Programs

Site summary

Portland General Electric Company operates two fossil fuel-fired electric generating plants in the Eastern Region. The Coyote Springs Plant is located at the Port of Morrow in Boardman and it includes two natural gas-fired combined cycle combustion turbines. The Boardman Plant is located on Tower Road about 10 miles south of Boardman and it includes one existing coal-fired electric generating unit and one proposed natural gas-fired combined cycle combustion turbine (aka Carty Plant). This page is set up to provide information about the sources, including pending applications, draft permits, final permits, and public notices.

DEQ regulation of PGE Boardman

DEQ's proposed revisions to air pollution control rules adopted in 2009 for the PGE Boardman coal-fired power plant were approved by the Environmental Quality Commission at the commission's December 2010 meeting. The revisions allow PGE to choose to close the coal-fired power plant near Boardman by 2020 and satisfy federal requirements for air quality and pollution controls to reduce haze emissions. The rules also:

  • Repeal the 2009 rule that requires expensive pollution control equipment and allows the plant to operate until 2040
  • Ensure the permanent closure of the Boardman coal-fired boiler no later than Dec. 31, 2020.
  • Use dry sorbent injection controls to meet federal regulations for sulfur dioxide control (as proposed by DEQ in its 2018 option).
  • A more stringent sulfur dioxide limit from 2018-2020 as proposed by DEQ.
  • Include a 2015 closure option if PGE decides to close the plant earlier than 2020.
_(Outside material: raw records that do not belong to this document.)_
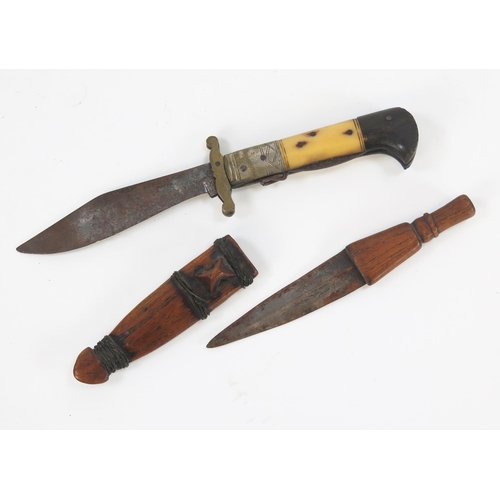 1824 - A horn handled folding knife with 14cm blade, together with an African dagger with 10.5cm blade, woo... 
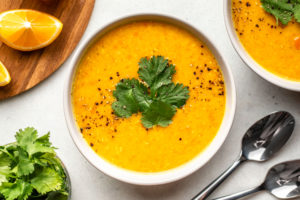 bowl of red lentil soup topped with cilantro and black pepper with side of lemons on grey background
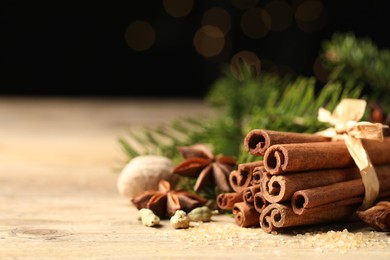 Different aromatic spices on wooden table against black background, closeup. Space for text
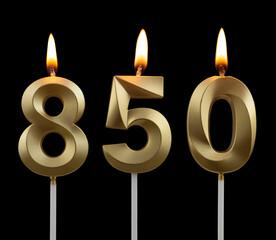 Gold birthday candles on black background, number 850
Read more in the staff report.

 

Anticipated results of the regulation

DEQ concluded that the proposed BART controls, when combined with the permanent closure of plant no later than 2020, meet federal requirements and provide a significant environmental and public health benefit for Oregon. In brief, DEQ's rules:

  • Reduce haze forming emissions by 48 percent in the 2011 to 2019 timeframe and eliminate these pollutants completely after closure.
  • Significantly improve visibility in 14 Class I wilderness areas in Oregon and Washington.
  • Significantly improve visibility in the Columbia River Gorge National Scenic Area and reduce acid deposition, lessening the risk to Native American natural and cultural resources.
  • Permanently eliminate approximately 4,000,000 tons per year of greenhouse gasses and all of the plant’s mercury emissions, which currently range from 137 to 281 pounds per year.